The SISCI API provides a rich and powerful API for deploying applications over a remote memory access network. This section contains suggestions and ideas for application programmers to optimize performance. Which one to use depends on the nature of the application and system. Please consider the following:

  1. Most of the SISCI API setup and management functions are either communicating with remote systems or doing local adapter CSR register accesses. These functions should normally not be used in the “application performance critical inner loop”. Allocating memory segments, connecting to remote segments, creating interrupts, etc. should ideally be established when the application starts and removed before application exit.

  2. Avoid interrupts when not needed. The SISCI API offers a set of functions to create and trigger remote interrupts.
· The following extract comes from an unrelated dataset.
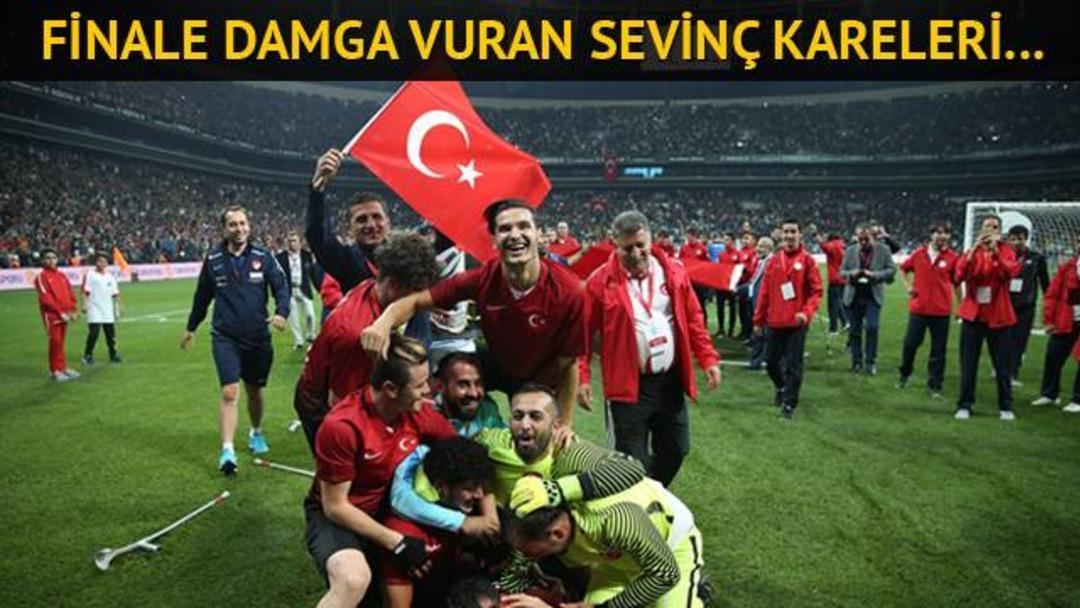 Tarihi zaferden sevin&ccedil; kareleri...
The SISCI driver will use remote memory access internally to trigger a remote interrupt, but the system interrupt latency and overhead will be added to the time budget.
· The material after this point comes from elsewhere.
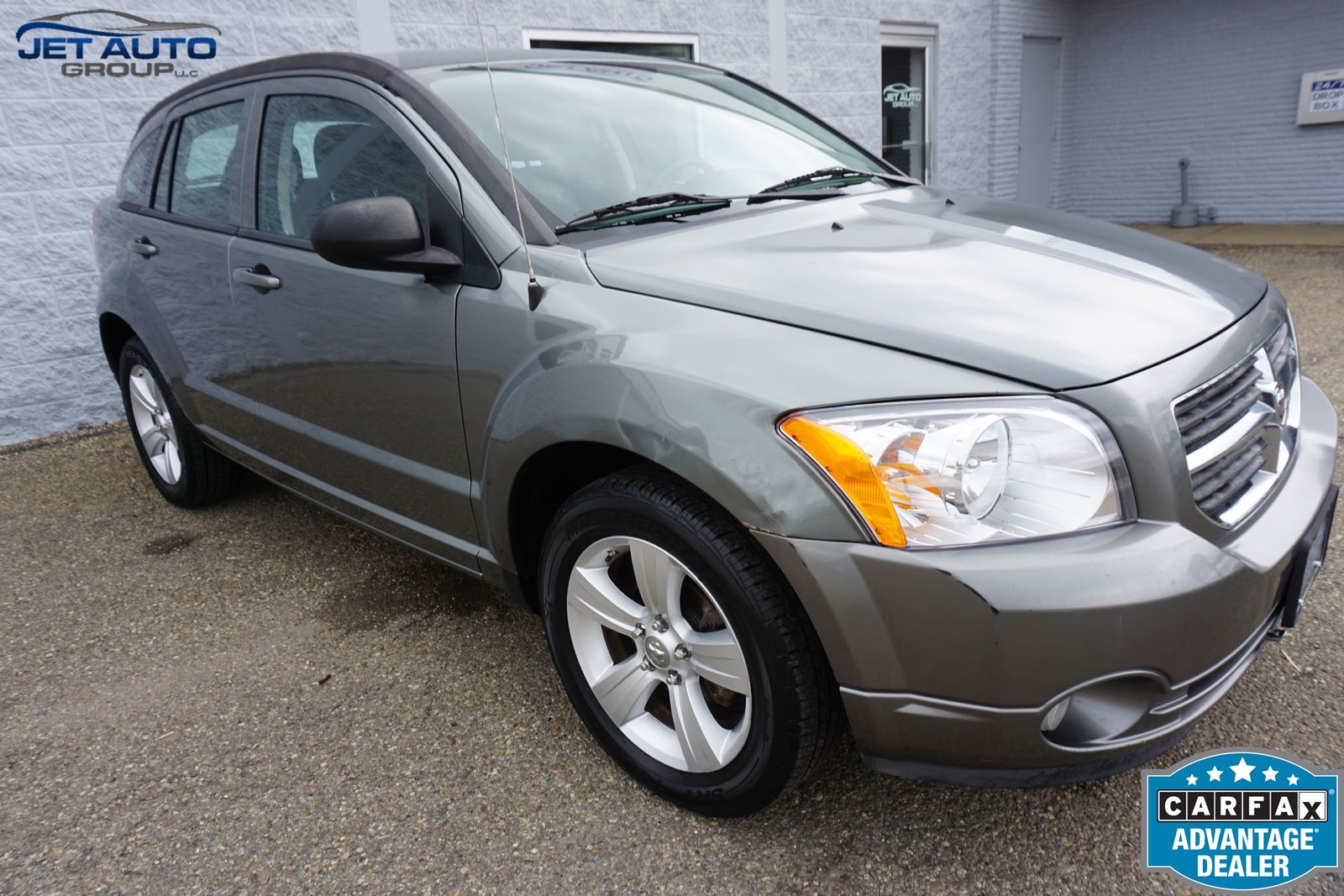 Mineral Gray Metallic Clearcoat 2011 Dodge Caliber Hatchback Front-Wheel Drive Continuously Variable Transmission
    1. Use polling to avoid interrupts: Polling a local SISCI memory address is a very low-cost operation. The first reference will re-load the local CPU cache; all following poll operations will only reference the cache until the remote update arrives and the CPU cache is invalidated and fetched. Is it possible to do some polling between other application tasks?

    2. Combine polling and interrupts. Poll for a short while before going to sleep – waiting for a remote interrupt.
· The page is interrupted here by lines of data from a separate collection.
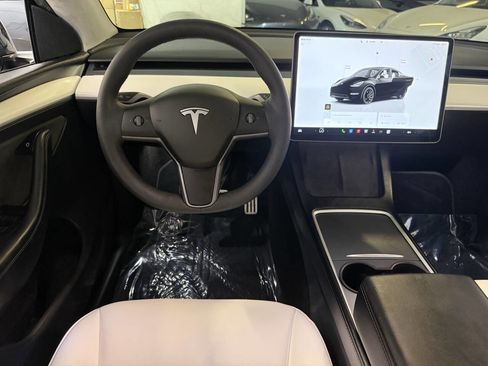 Used 2024 Tesla Model Y Performance AWD/4WD image 22
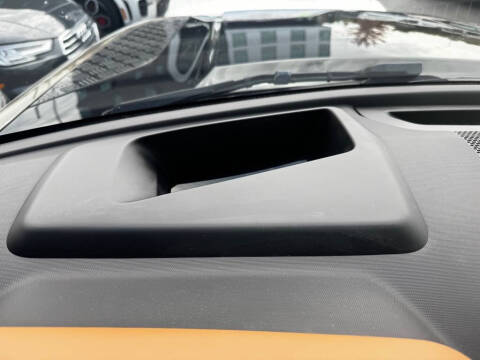 2020 Land Rover Defender 110 X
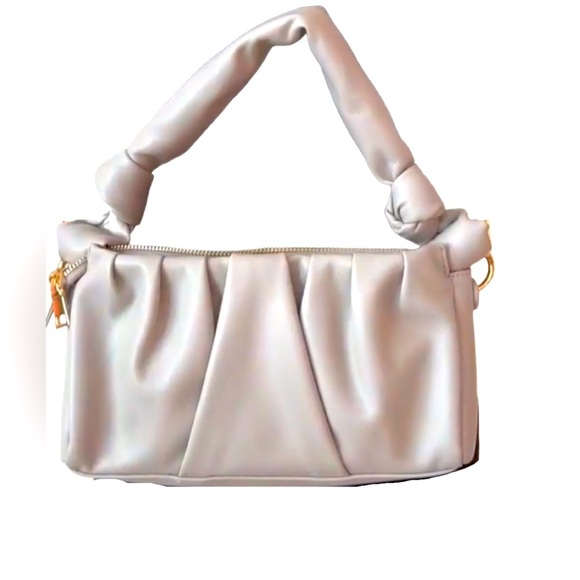 PUFFER PURSE ~ Women’s light gray crossbody w/removable straps for handbag - Picture 6 of 9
    3. Use remote memory access to inform the remote node that an interrupt is required to wake up the other process.

    4. SCICreateInterrupt() should be called once, and not for every loop.

  3. Optimized error checking. The SCICheckSequence() operation typically requires 1-2us to complete. The PCI Express network is a reliable network, and data will not be lost unless there is a real problem – broken hardware, cable unplugged, switch power down, etc.

    1. Try to move the SCICheckSequence() out of the communication inner loop - maybe the application can implement a more relaxed error recovery model?

    2. Do not use SCICheckSequence() for small messages – implement a memory checksum mechanism where the sender calculates a checksum that can be verified by the receiver.

  4. Use PIO as an alternative to DMA. Transferring small amounts of data using DMA has a lot of overhead compared to a PIO posted write. Small transfers will in most cases benefit from using PIO. DMA uses less CPU overhead for large transfers.

    1. Implement a mixed transport model using PIO for small transfers and DMA for larger transfers.

    2. If you are doing direct remote writes using pointer arithmetic, try to optimize the size written, send one 8 byte (dword) instead of many chars, etc.

    3. The use of SCIMemCpy() will ensure optimal performance, especially if large amounts of data are copied to a remote system. If SCIMemCpy() is not desired, then flush the CPU buffers with SCICheckSequence(NULL, SCI_FLAG_FLUSH_CPU_BUFFERS_ONLY) or SCIFlush().

Note

If balancing between PIO and DMA is implemented, do not assume that the balance will be kept across heterogeneous hardware. Thresholds do change with CPU and IO chipsets.

  1. Implement a way to benchmark your transport and compare the results with the standard Dolphin SISCI benchmarks found in the software distribution (scibench2, scipp, intr_bench , dma_bench and reflective_bench). Review the code of the Dolphin benchmarks if you do not reach similar performance.

    1. Request support from Dolphin if you do not reach your expected results.

Using Dolphin Express PX hardware, data can be transmitted to remote memory in 0.54us. Message passing at the SISCI API can be implemented using the above listed techniques in 1us latency for 1 byte.